#### [Stored records]
------------------------------------------------
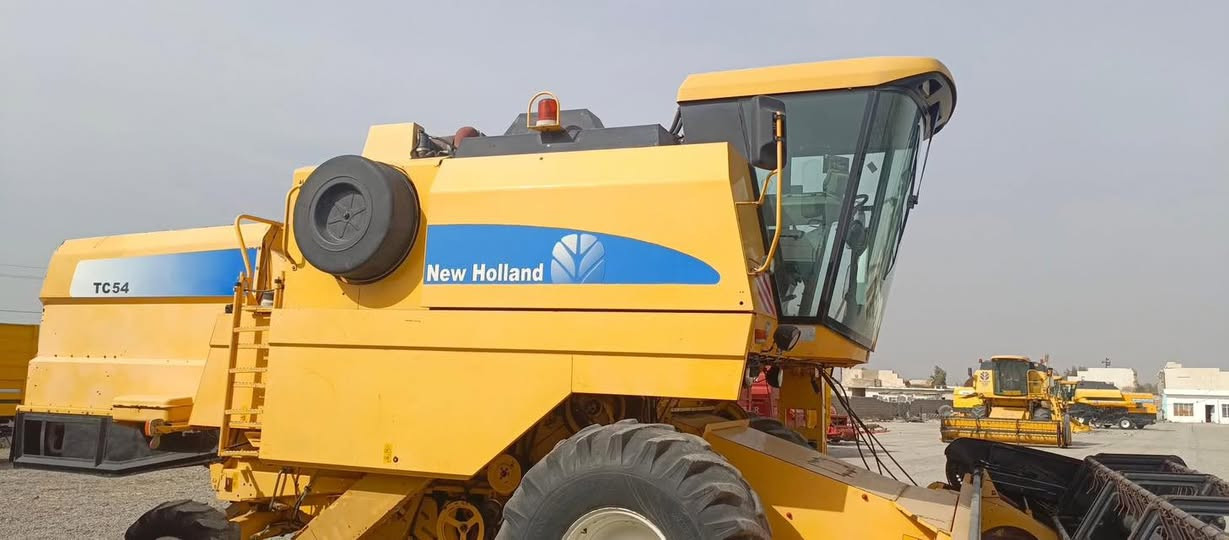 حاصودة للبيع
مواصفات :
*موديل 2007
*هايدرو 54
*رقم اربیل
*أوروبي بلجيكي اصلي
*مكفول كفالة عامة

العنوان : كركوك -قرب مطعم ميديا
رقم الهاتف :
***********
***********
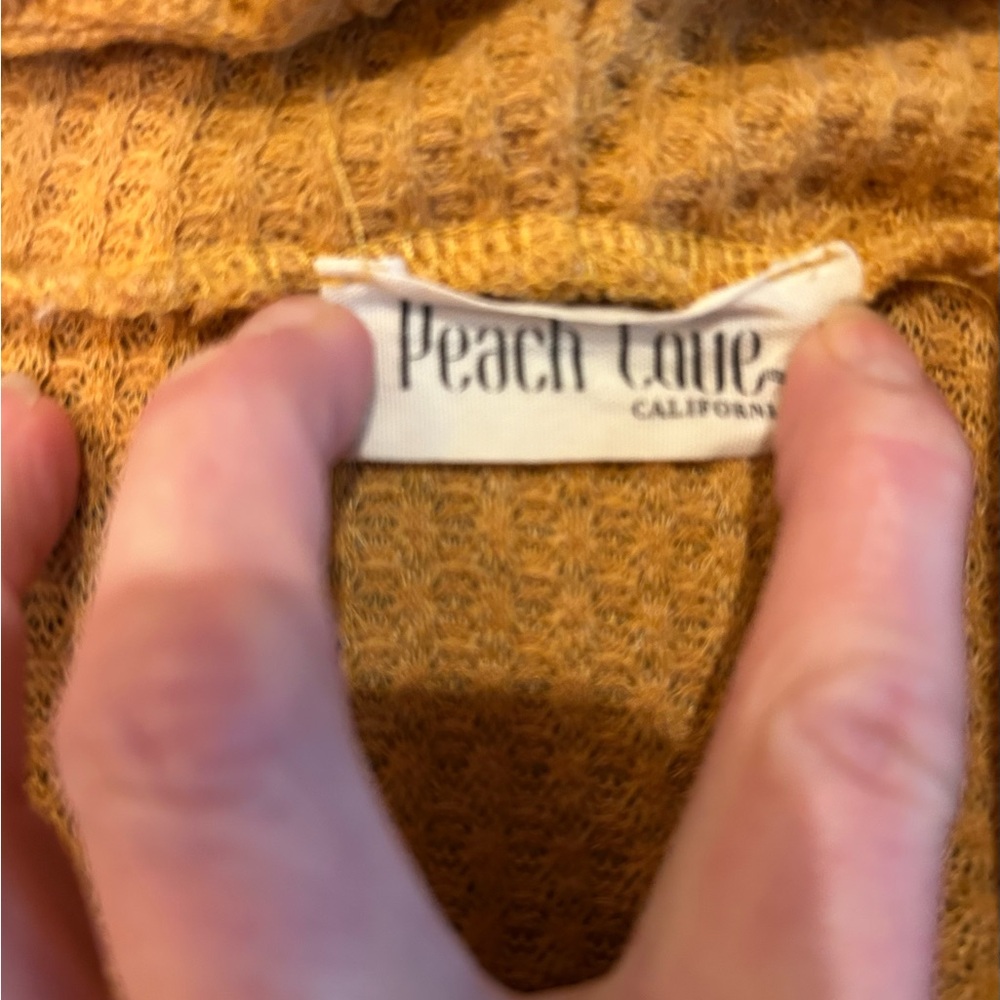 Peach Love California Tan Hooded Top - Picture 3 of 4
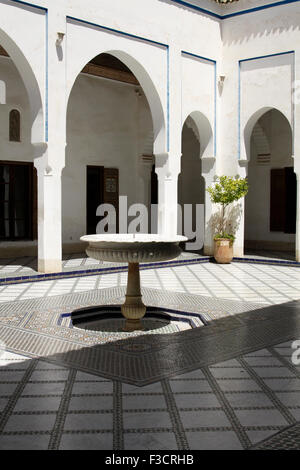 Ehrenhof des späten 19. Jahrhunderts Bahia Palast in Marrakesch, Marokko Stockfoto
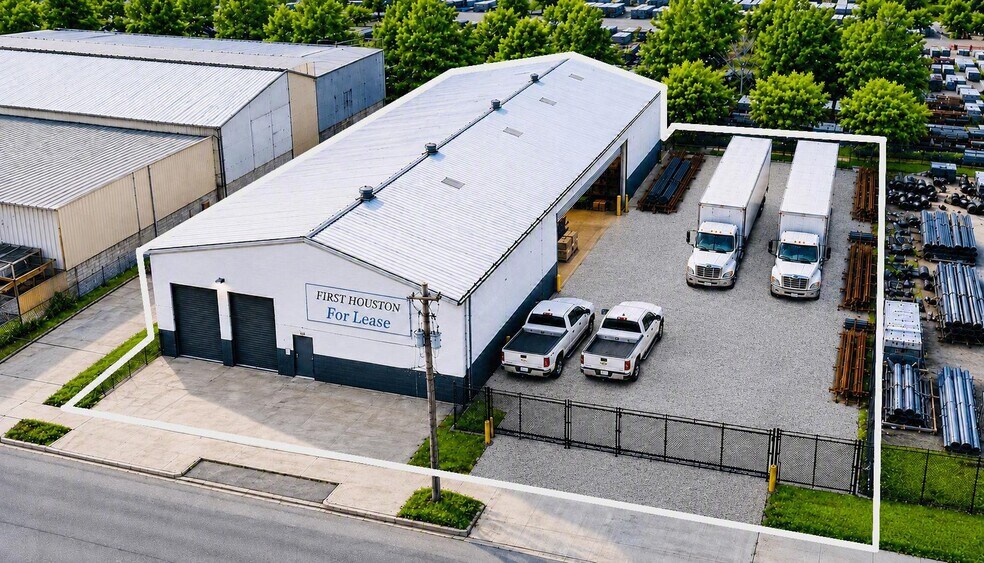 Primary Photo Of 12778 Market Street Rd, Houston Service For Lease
------------------------------------------------
#### [WORK REQUIRED]
Return each entry above unchanged. Leave the pictures out.

#### [RESULT]
 حاصودة للبيع
مواصفات :
*موديل 2007
*هايدرو 54
*رقم اربیل
*أوروبي بلجيكي اصلي
*مكفول كفالة عامة

العنوان : كركوك -قرب مطعم ميديا
رقم الهاتف :
***********
***********
 Peach Love California Tan Hooded Top - Picture 3 of 4
 Ehrenhof des späten 19. Jahrhunderts Bahia Palast in Marrakesch, Marokko Stockfoto
 Primary Photo Of 12778 Market Street Rd, Houston Service For Lease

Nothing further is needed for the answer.